═══ Data to examine ═══

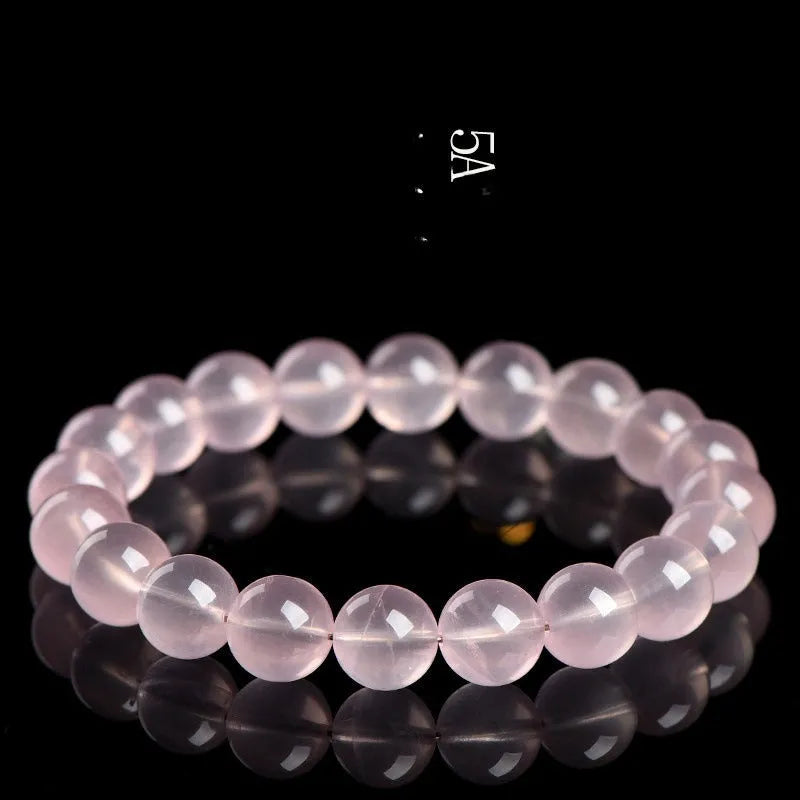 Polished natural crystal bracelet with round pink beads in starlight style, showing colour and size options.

═══
═══ Data to examine ═══

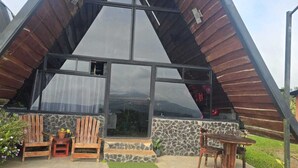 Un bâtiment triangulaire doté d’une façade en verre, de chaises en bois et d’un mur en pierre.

═══
═══ Data to examine ═══

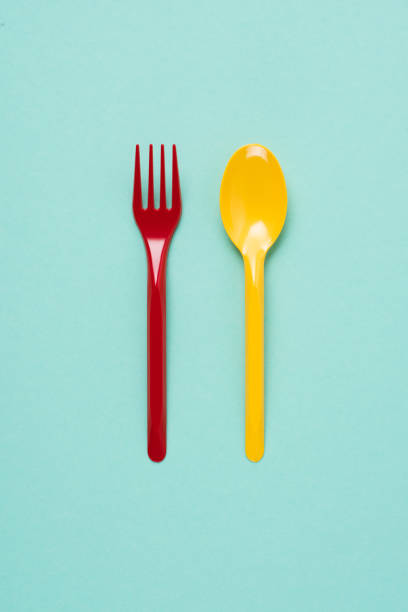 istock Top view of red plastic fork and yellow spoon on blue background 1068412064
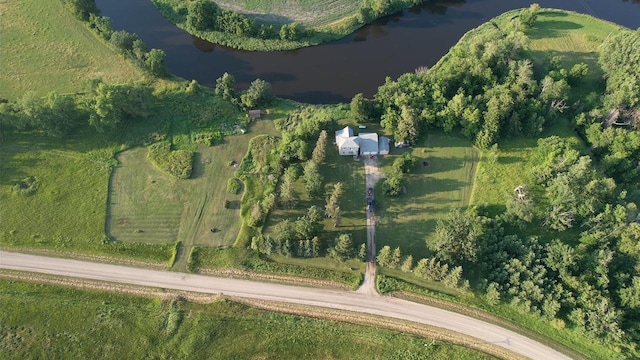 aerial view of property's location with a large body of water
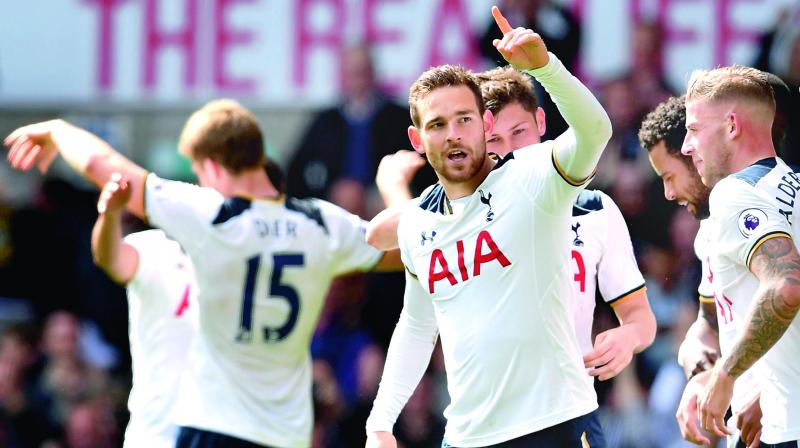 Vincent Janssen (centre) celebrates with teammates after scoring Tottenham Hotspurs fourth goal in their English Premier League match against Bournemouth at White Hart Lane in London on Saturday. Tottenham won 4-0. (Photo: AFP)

═══

■ Your assignment:
Reproduce, word for word, only the lines in the records above from the line with "istock Top view" through the line with "aerial view of", including both ends; omit the pictures.

■ Task solution:
 istock Top view of red plastic fork and yellow spoon on blue background 1068412064
 aerial view of property's location with a large body of water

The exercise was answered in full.